Kallio was one of the only people who would take Robert out of hospital, and when she did, Kallio took him to AIDS Saskatoon’s outreach program, the 601.

“He looked really sick and he knew he looked really sick, so he’d talk to people about being really sick,” she said.

He would talk to people at risk or newly diagnosed with HIV, in a quiet way, and they would get to know him, Kallio said. “And they would all of sudden come to my office and say, ‘I want to see a doctor. I want to talk about treatment.’ These were things they’d never talked about before,” she said.

But for Robert, it was already too late.

Kallio continued to visit Robert in hospital, but he had another visitor as well. Ashley (her name has been changed to protect her and her family) met Robert earlier in detox. He gave her advice and support when she learned she was HIV positive.

She said when she heard Robert was in hospital, and wouldn’t make it through the weekend, she went to visit that night. He lived another two weeks and she just kept visiting. “The main reason I went back was because he just kept saying, ‘come back,’ and he was dying there, so it was like, how could I not?”

During those two weeks, Ashley said she and Robert became friends, but it was difficult.

“I watched him die for two weeks ... that was a changing experience for me, just watching him die. I won’t use (injection drugs) again, after watching him die like that.”

Robert was diagnosed with HIV around the same age that Ashley was, but he continued to use.

Kallio she said people she knows couldn’t survive what her clients overcome.

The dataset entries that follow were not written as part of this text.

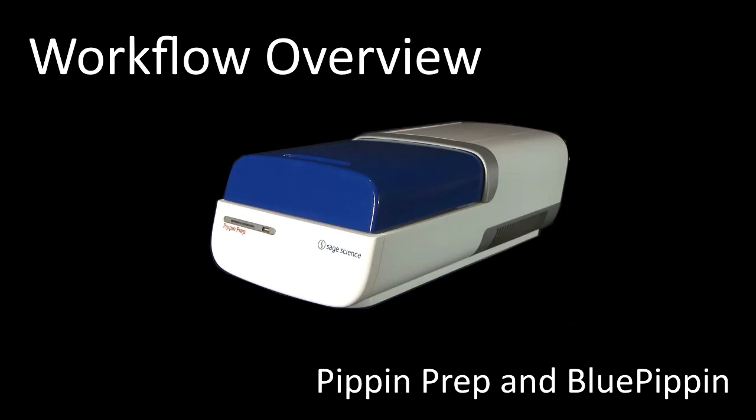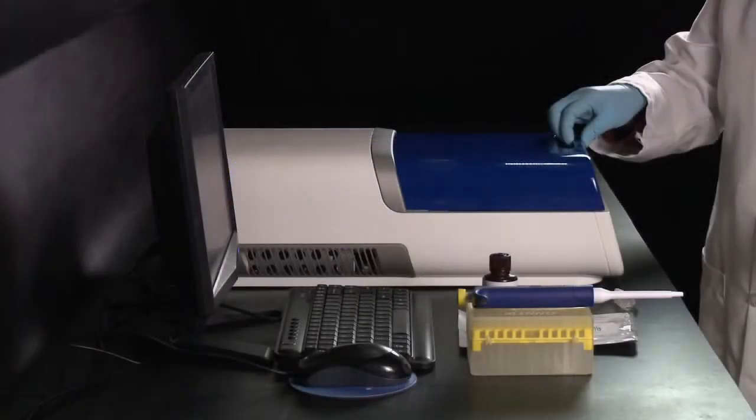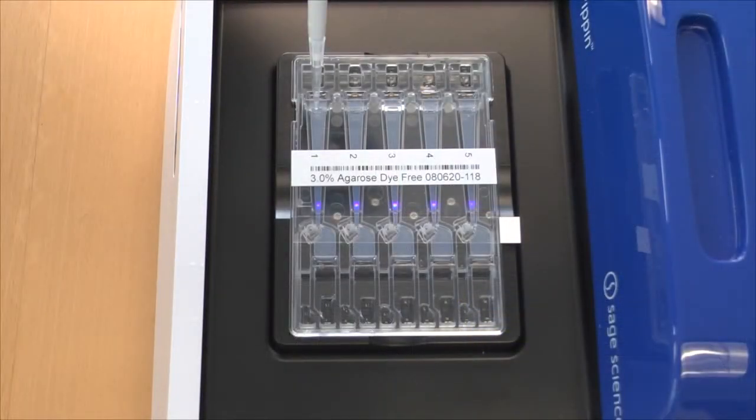This is an overview of the workflow for using the Pippin Prep and Blue Pippin systems. Detailed instructions for these steps outlined here are presented in subsequent tutorial videos.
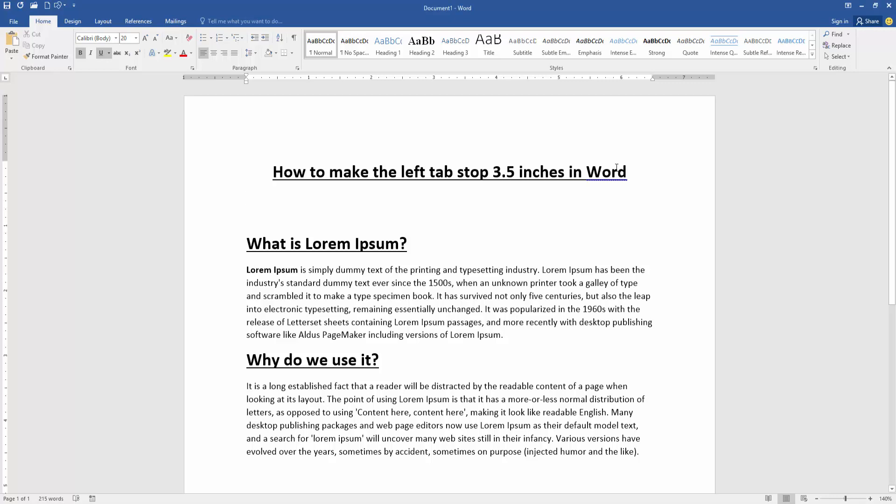Assalamualaikum, hello friends, how are you? Welcome back to my new video. In this video, I'm going to show you how to make the left tab stop 3.5 inches in Microsoft Word. Let's get started.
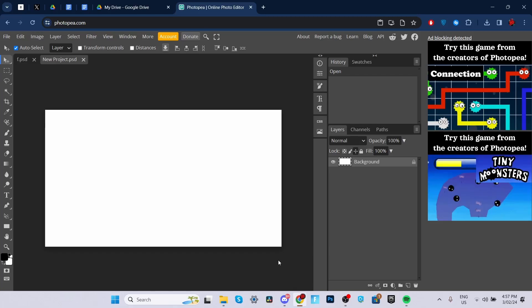I'm going to be teaching you how to make a MrBeast thumbnail with the use of Photopea. It's basically a very good alternative to Photoshop and I highly recommend it to users who can't afford Photoshop just yet. But don't worry, for the Photoshop users, I'm going to be making a separate tutorial on this if this video performs. Now, without further ado, let's jump right in.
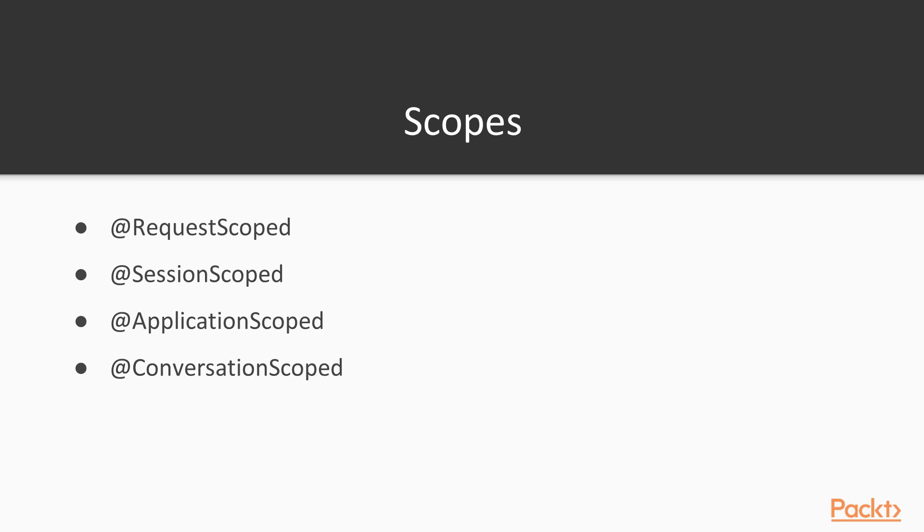We have @ApplicationScoped which is available to all clients over multiple requests and responses, and finally @ConversationScoped which is a single client over a specific set of request-responses. In this video, we've learned about CDI and Java EE8.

“The majority of people that I work with did not grow up wanting to be this. Nobody does. Nobody wants to have HIV and be in jail, nobody does,” she said nothing that Robert was no different.

“People saw him as a former gang member and this and that. I got to know him as one of the most genuine, authentic, lovely, intelligent, funny people that I’ve ever known in my life.”

Robert wanted his legacy to be his story and his greatest gift was giving them permission to talk about him and his experience, Kallio said.

“That’s what he wanted to do. He wanted to tell people that this shouldn’t happen.”

Kallio had never seen a photo of Robert before he was sick. At the funeral she said she saw a photo of him with more than just skin covering his bones and he was a very handsome young man.

“And it broke me a little bit because that wasn’t the Robert I knew, but that was the Robert all the people at the funeral were thinking about. And it’s such a bloody waste, he was 27 years old,” she said.

“I was pretty broken for a few weeks after Robert died.” She wasn’t alone. Robert had an impact on many people, she said.

“We call it the Robert Effect, his doctors and nurses and outreach workers. We all work with people who have HIV every day, but Robert touched us all ... He made us better at what we do, better at listening to the people we are working with, so that we are working with them,” she said. He caused them to be more ferocious with their work, said Kallio said.